Jerry Sykes came to my attention when he won the CWA Short Story Dagger a few years ago. Although he was known before this for his work in Shots’ predecessor; A Shot in the Dark, plus contributions to a slew of anthologies.  When I discovered news of his debut novel ‘Lose this Skin’, I asked Jerry to tell Shots’ readers a little about the novel.

 Ali Karim

I first became aware of Camden Lock in the late 70s when The Clash had their rehearsal space there in an abandoned railway arch. Stranded in rural Yorkshire my friends and I would often talk long into the night about what a magical place the Lock must be to inspire such heroic music. But by the time I finally came to visit the Lock in the early 80s The Clash had long since gone and the area had taken its first tentative steps towards becoming some kind of Disneyland for the casually disenfranchised. Twenty years later the transformation is complete. Every weekend the Lock is flooded with thousands of tourists from all over the world in search of a little pocket hedonism and rebellion-by-proxy. Even the drug dealers who whisper at you from every corner seem to have come straight from central casting.

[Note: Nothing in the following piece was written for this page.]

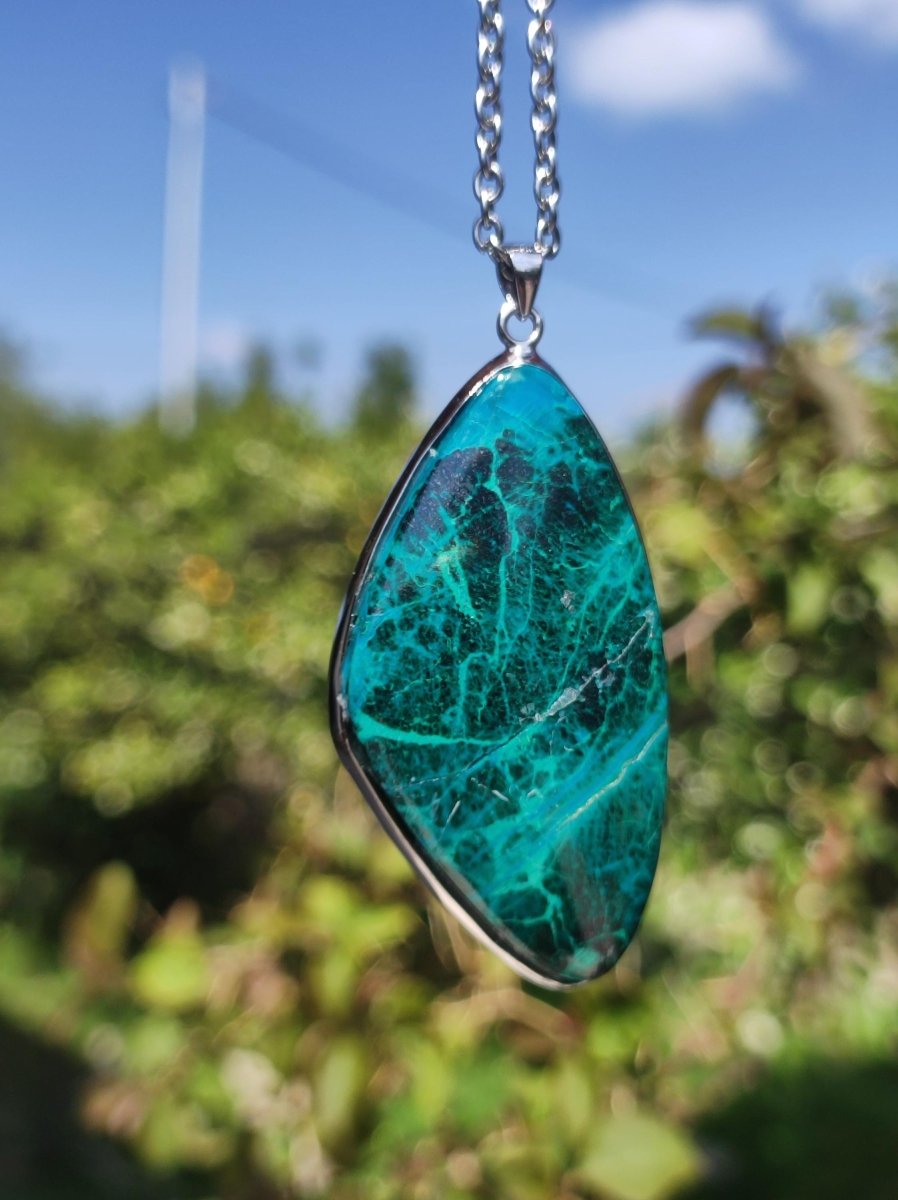 Chrysocoll *beschädigt* 75% OFF - 925 Sterling Silber Edelstein Kette Natur blau Heilstein Kristall Mann Frau Er Sie Geschenk Freund Bruder - Art of Nature Berlin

Behind all this seemingly harmless fun however something far more sinister lurks. Camden Town has one of the biggest drugs problems in the country. But in a world that pays Kate Moss ten times more than she was being paid before the tabloids dubbed her Cocaine Kate it is hard not to believe that the authorities are turning a blind eye in order to keep the tourist dollars rolling in.

This is all pure speculation of course but it was this idea that inspired me to write Lose this Skin. After publishing some two dozen short stories over the last few years - and winning two CWA Short Story Daggers in the process - here at last was something I felt I could get my debut novelistic teeth stuck into.

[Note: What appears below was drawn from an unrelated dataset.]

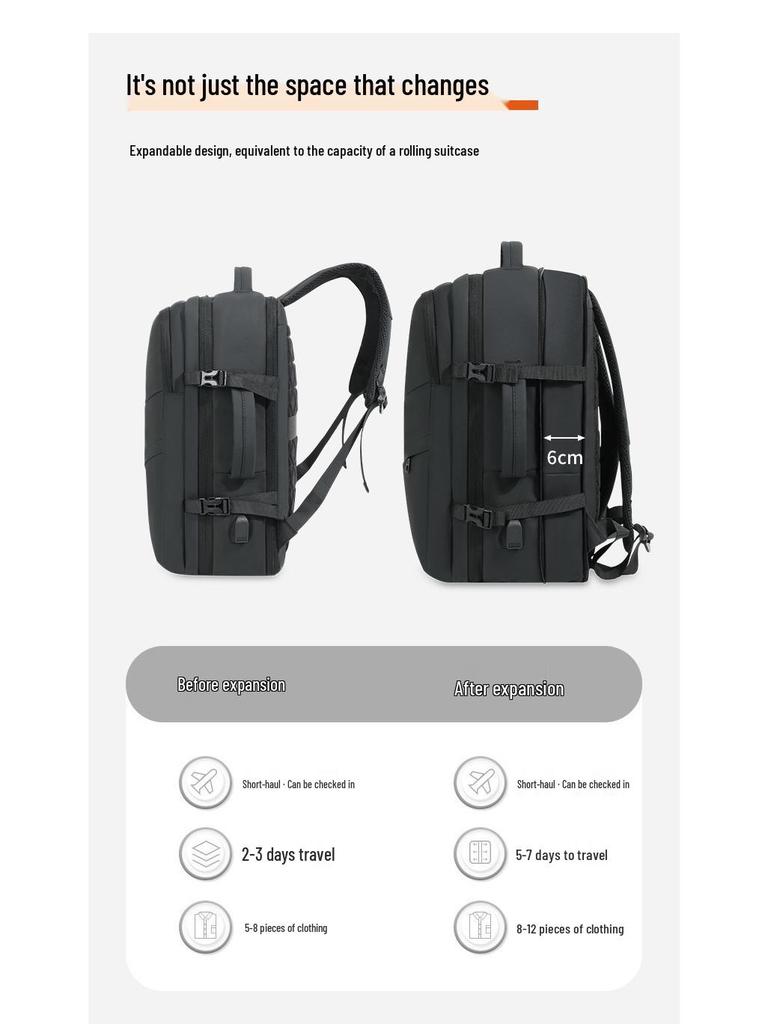 Trendiger Leichter Herren Wasserdichter Business- & Reise-Laptop-Rucksack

As a reader I have always been drawn to the loner but at the same time have never felt totally comfortable with the idea of a British PI. So when it came to creating my own leading man I felt that I needed a good reason for him to be acting alone. Eventually I came up with the idea of a cop on sick leave after being shot in a drive-by shooting with the shooter still out there in the night... He is finally pulled away from his own brooding when an old friend asks him to look into the death of her son. The boy had been killed under the wheels of a police car and the official line is that it was an accident but his mother thinks differently.